Below this line are records; write out exactly the lines from the one containing "鈴木町一丁目貸家の収納" through the one containing "Aphrodites Group - Luxury", with the pictures left out.

SOURCE MATERIAL:
◆ ◆ ◆ ◆

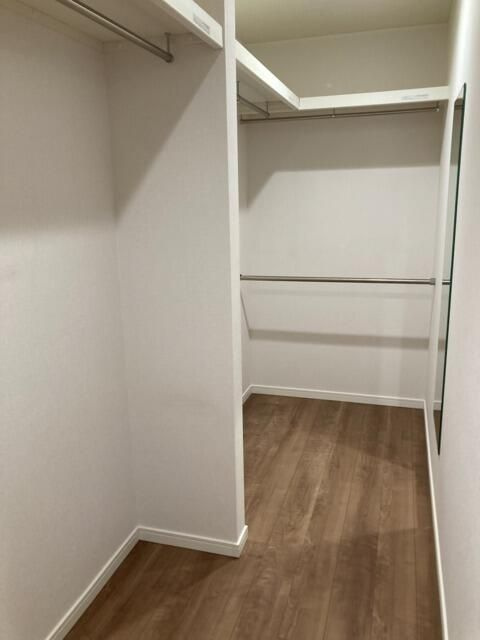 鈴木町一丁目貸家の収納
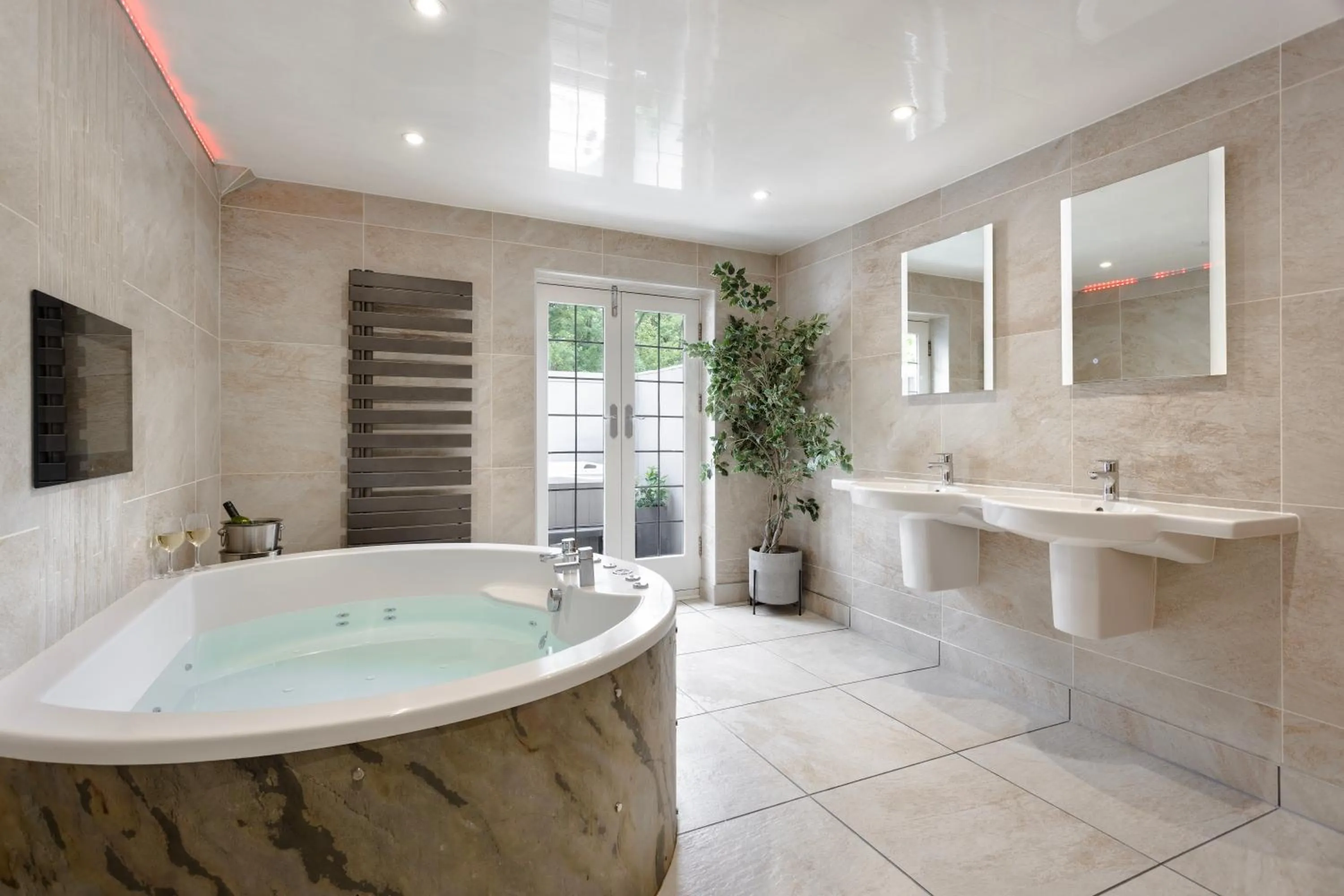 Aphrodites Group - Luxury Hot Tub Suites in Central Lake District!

◆ ◆ ◆ ◆

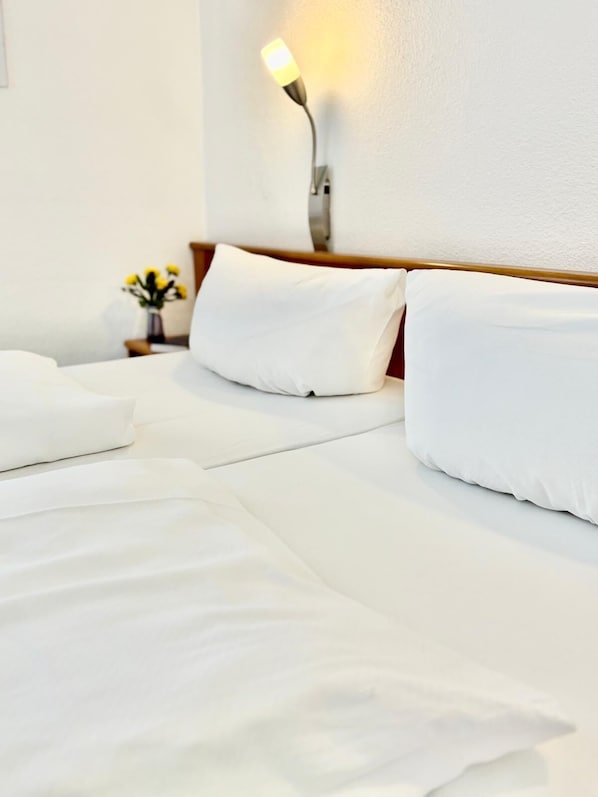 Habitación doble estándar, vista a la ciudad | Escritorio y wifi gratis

◆ ◆ ◆ ◆

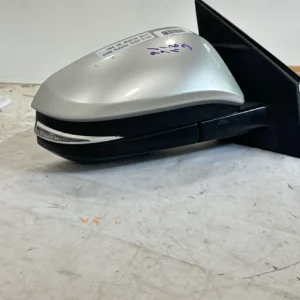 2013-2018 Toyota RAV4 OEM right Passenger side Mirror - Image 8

◆ ◆ ◆ ◆

SOLUTION TO THIS TASK:
 鈴木町一丁目貸家の収納
 Aphrodites Group - Luxury Hot Tub Suites in Central Lake District!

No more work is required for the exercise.